What equipment do you need?
There are a few options for filters for point-and-shoot cameras, DSLRs, and phones. (Unfiltered photos aren’t going to turn out well because the sun will bloom.)
NASA offers a simple solution for phone photography: Put your eclipse glasses in front of the camera lens. Or buy an extra pair of glasses for your camera (they have a recommend list of approved glasses). NASA’s official photography guide also warns: “DO NOT USE SUNGLASSES!”
If you’ll be using a point-and-shoot camera or a DSLR, you can purchase a solar filter. However, proper solar filters can be pricey, so the other option is making your own. AstroSolar.com has a guide for that, by using a piece of solar film (about $45-50) and a few pieces of cardboard. This solution is temporary, but so are eclipses.
How to take the best photo of the eclipse
NASA wrote a guide to photographing the eclipse with your smartphone that gets pretty nerdy. Tips include: Practice at the location where you plan to watch, don’t use a digital zoom, use a timer so your camera will be steady, and use manual focus (by touching the screen).
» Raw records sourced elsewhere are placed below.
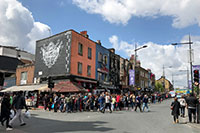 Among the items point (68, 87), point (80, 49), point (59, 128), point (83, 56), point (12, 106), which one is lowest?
point (59, 128)

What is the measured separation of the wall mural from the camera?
25125 millimetres

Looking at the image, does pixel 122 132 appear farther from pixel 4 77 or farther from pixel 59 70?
pixel 4 77

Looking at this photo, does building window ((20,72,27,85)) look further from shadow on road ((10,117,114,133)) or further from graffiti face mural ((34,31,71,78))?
shadow on road ((10,117,114,133))

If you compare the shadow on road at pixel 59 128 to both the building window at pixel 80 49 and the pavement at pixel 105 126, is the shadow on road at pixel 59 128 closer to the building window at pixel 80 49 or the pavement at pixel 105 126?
the pavement at pixel 105 126

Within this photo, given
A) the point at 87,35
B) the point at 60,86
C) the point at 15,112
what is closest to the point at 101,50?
the point at 87,35

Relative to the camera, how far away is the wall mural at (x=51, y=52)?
25125 mm

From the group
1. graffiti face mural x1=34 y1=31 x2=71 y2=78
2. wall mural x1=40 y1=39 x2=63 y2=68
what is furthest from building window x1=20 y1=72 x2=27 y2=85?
wall mural x1=40 y1=39 x2=63 y2=68

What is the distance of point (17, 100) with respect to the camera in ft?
28.9

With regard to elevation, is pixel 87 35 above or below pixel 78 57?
above

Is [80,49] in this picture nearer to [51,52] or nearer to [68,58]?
[68,58]

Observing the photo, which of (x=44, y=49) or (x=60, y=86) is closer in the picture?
(x=60, y=86)

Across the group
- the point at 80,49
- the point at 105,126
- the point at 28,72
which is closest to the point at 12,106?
the point at 105,126

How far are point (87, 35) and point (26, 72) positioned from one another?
1165 cm

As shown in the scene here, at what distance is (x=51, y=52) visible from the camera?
85.9ft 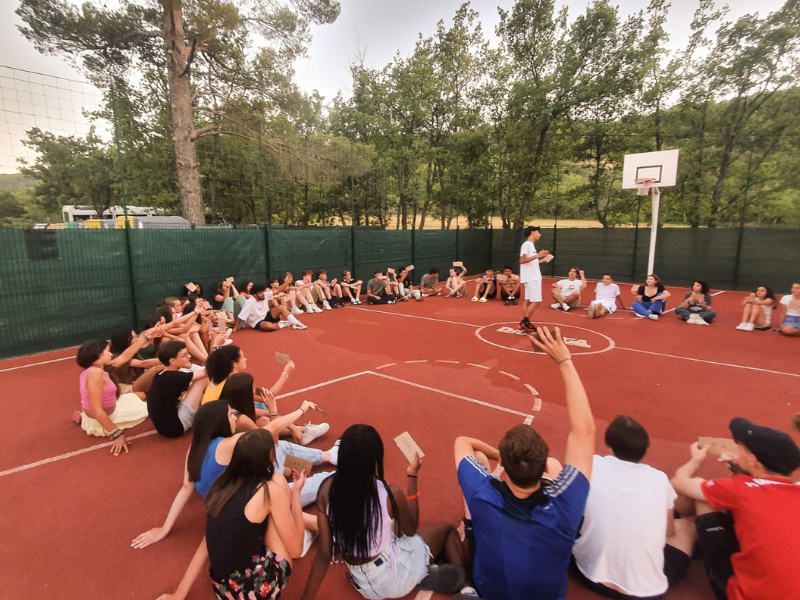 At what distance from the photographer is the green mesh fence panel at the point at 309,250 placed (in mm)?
11938

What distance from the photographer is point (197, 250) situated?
33.0 feet

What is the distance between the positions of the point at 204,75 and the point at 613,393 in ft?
54.9

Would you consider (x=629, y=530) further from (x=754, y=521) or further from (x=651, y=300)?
(x=651, y=300)

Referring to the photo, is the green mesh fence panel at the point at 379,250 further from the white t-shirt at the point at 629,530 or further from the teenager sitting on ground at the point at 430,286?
the white t-shirt at the point at 629,530

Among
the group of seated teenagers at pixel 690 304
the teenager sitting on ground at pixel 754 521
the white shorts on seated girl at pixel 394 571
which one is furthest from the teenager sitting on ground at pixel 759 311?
the white shorts on seated girl at pixel 394 571

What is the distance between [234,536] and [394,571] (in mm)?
853

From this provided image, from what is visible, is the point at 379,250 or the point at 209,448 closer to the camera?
the point at 209,448

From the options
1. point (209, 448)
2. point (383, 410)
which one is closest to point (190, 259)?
point (383, 410)

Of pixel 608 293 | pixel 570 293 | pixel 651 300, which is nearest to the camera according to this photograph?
pixel 651 300

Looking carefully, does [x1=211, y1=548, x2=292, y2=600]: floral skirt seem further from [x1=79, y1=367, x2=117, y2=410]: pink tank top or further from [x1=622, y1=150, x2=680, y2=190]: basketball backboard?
[x1=622, y1=150, x2=680, y2=190]: basketball backboard

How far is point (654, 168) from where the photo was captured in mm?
14188

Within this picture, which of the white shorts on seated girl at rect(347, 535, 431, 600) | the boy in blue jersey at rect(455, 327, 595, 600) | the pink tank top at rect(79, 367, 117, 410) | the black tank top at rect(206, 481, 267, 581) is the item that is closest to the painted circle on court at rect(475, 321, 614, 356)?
the white shorts on seated girl at rect(347, 535, 431, 600)

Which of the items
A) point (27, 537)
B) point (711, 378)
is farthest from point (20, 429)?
point (711, 378)

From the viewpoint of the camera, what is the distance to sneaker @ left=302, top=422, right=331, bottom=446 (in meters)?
4.26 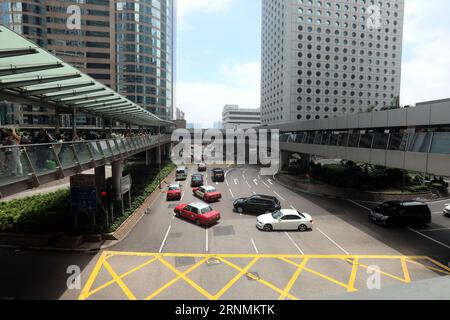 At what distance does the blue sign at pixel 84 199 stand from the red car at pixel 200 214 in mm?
6141

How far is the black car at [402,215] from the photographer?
17.5 metres

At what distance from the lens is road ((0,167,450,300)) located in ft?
34.0

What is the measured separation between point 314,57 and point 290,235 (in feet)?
223

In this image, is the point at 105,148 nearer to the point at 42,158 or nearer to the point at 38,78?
the point at 38,78

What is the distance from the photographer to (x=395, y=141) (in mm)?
16406

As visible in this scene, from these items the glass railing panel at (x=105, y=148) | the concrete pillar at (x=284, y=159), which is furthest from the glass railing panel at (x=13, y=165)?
the concrete pillar at (x=284, y=159)

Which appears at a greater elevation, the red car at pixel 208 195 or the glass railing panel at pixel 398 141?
the glass railing panel at pixel 398 141

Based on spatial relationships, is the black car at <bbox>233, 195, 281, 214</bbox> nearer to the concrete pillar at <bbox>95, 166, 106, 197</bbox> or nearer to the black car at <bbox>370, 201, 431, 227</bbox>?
the black car at <bbox>370, 201, 431, 227</bbox>

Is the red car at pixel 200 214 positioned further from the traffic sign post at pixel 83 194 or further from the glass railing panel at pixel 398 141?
the glass railing panel at pixel 398 141

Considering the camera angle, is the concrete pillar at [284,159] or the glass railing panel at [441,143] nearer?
the glass railing panel at [441,143]

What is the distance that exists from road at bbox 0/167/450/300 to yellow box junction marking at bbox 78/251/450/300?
0.13ft

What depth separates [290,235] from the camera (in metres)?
16.1

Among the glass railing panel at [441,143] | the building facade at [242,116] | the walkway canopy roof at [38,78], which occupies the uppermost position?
the building facade at [242,116]

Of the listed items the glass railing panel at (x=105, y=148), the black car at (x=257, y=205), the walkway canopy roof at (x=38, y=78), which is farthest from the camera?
the black car at (x=257, y=205) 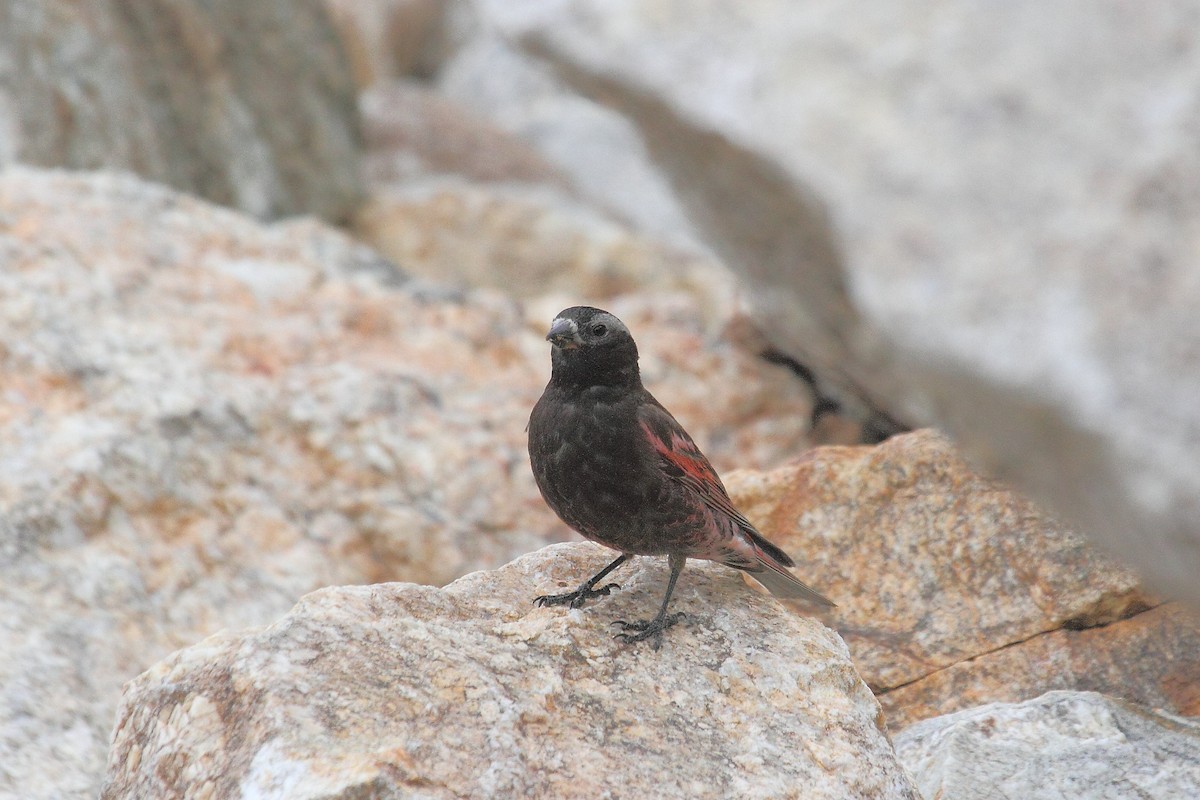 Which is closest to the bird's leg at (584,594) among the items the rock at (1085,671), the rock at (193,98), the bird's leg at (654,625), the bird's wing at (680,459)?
the bird's leg at (654,625)

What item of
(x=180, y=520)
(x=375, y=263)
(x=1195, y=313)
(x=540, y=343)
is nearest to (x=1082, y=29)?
(x=1195, y=313)

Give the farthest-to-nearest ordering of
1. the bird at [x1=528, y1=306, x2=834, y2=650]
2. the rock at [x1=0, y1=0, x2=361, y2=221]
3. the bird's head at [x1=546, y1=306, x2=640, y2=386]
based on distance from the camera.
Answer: the rock at [x1=0, y1=0, x2=361, y2=221]
the bird's head at [x1=546, y1=306, x2=640, y2=386]
the bird at [x1=528, y1=306, x2=834, y2=650]

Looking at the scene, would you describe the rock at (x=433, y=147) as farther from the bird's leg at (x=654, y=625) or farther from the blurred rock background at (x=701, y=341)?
the bird's leg at (x=654, y=625)

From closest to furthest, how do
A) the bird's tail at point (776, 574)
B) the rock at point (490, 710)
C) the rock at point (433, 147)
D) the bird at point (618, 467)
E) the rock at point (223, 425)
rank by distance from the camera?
1. the rock at point (490, 710)
2. the bird at point (618, 467)
3. the bird's tail at point (776, 574)
4. the rock at point (223, 425)
5. the rock at point (433, 147)

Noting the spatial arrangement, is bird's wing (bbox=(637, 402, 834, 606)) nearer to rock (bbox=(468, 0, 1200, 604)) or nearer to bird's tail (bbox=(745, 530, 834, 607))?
bird's tail (bbox=(745, 530, 834, 607))

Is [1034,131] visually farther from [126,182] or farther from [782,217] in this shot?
[126,182]

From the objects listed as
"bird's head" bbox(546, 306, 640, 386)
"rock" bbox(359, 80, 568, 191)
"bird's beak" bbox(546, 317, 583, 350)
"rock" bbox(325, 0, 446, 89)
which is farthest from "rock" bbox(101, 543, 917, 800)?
"rock" bbox(325, 0, 446, 89)

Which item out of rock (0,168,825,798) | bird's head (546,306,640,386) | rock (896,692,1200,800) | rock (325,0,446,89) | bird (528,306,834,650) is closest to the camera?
rock (896,692,1200,800)
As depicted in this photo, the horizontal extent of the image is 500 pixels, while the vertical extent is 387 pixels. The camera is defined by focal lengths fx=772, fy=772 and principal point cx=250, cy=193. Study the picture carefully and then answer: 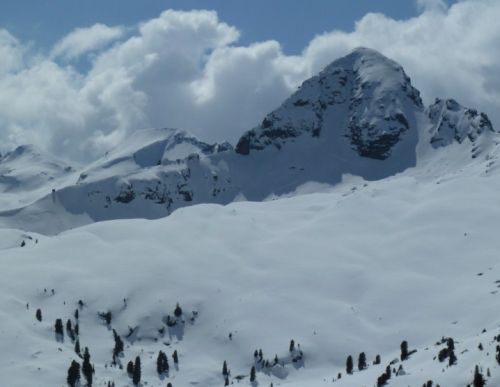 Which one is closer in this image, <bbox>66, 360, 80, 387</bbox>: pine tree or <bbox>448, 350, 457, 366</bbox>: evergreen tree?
<bbox>448, 350, 457, 366</bbox>: evergreen tree

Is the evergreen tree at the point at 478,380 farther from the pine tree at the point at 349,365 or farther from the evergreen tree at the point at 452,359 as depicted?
the pine tree at the point at 349,365

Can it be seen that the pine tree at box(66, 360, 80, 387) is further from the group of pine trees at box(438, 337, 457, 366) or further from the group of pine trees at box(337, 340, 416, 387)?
the group of pine trees at box(438, 337, 457, 366)

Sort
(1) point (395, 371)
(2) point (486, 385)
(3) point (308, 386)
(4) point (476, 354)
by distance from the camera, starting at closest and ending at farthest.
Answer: (2) point (486, 385), (4) point (476, 354), (1) point (395, 371), (3) point (308, 386)

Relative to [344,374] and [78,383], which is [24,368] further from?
[344,374]

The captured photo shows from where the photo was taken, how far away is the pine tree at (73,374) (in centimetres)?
19625

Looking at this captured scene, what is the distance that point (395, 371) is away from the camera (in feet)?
523

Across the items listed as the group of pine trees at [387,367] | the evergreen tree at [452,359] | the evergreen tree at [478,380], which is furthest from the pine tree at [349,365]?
the evergreen tree at [478,380]

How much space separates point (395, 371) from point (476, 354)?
19.6 meters

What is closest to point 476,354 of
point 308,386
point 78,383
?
point 308,386

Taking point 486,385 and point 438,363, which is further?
point 438,363

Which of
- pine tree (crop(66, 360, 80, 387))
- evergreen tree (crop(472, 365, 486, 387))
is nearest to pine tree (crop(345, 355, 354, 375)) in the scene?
evergreen tree (crop(472, 365, 486, 387))

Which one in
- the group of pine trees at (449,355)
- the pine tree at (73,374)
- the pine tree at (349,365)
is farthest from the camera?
the pine tree at (349,365)

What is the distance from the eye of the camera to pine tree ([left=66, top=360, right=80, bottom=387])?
196250mm

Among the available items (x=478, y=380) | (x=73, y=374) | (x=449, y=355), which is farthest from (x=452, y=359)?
(x=73, y=374) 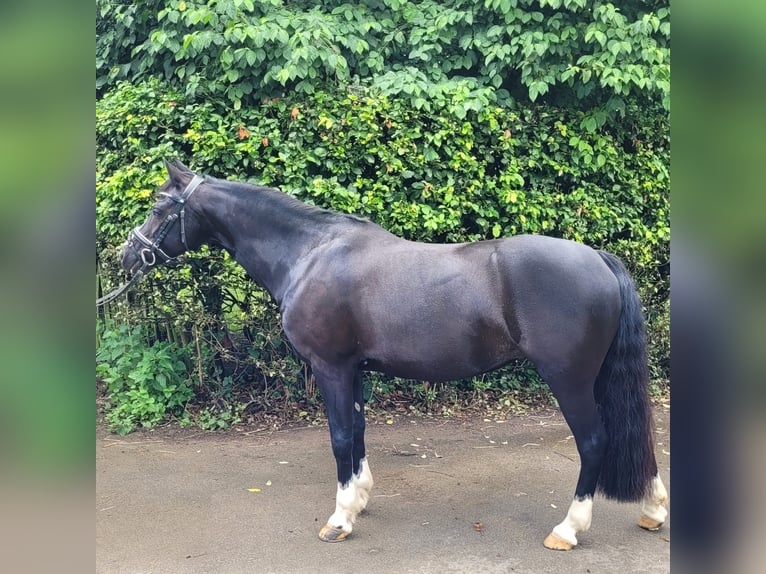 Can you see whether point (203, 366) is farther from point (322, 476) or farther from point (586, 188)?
point (586, 188)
If you’re using a DSLR, it’s more complicated:
- Use a tripod. NASA, Nikon, and B&H Photo all recommend it.
- Use a telephoto lens. B&H Photo says “to fill your viewfinder, you will likely need to go well past a 300mm focal length lens.” (The sun is pretty far away).
- Check your ISO setting. They also recommend setting your camera to its native ISO: “For most Canon and Sony cameras, this is ISO 100. For most Nikon and Fujifilm cameras, it is ISO 200.”
- Find the right exposure. The Nikon guide says “the easiest way to determine exposure is to run a calibration test on the un-eclipsed sun on a clear day prior to the eclipse.” Since the sun is so bright, Nikon has some advice for dealing with the variation: “The average brightness of the corona varies inversely with the distance from the sun’s limb. The inner corona is far brighter than the outer corona thus, no single exposure can capture its full dynamic range. The best strategy is to choose one aperture and bracket the exposures over a range of shutter speeds from 1/1000 second to 1 second.” B&H Photo agrees: “there is a vast 12-stop dynamic range from the corona at the sun’s surface to the outer edges of the corona.” They also recommend bracketing exposure to give yourself more options in post-production in addition to not using a flash, underexposing, and using the electronic viewfinder to protect your eyes.
If you’d like more details about exposure and setting, retired NASA astrophysicist Fred Espenak, known as MrEclipse.com, has written a Solar Eclipse Exposure Guide, with instructions for how to set your aperture, ISO, and shutter speed for each stage. B&H’s guide includes a similar chart with settings that assume an ISO of 200.
Finally, you should remember that lots of professional photographers will be taking photographs that you could probably buy or view later. The totality is going to be very brief and you don’t want to spend the whole time futzing with a camera. Consider just living in the moment.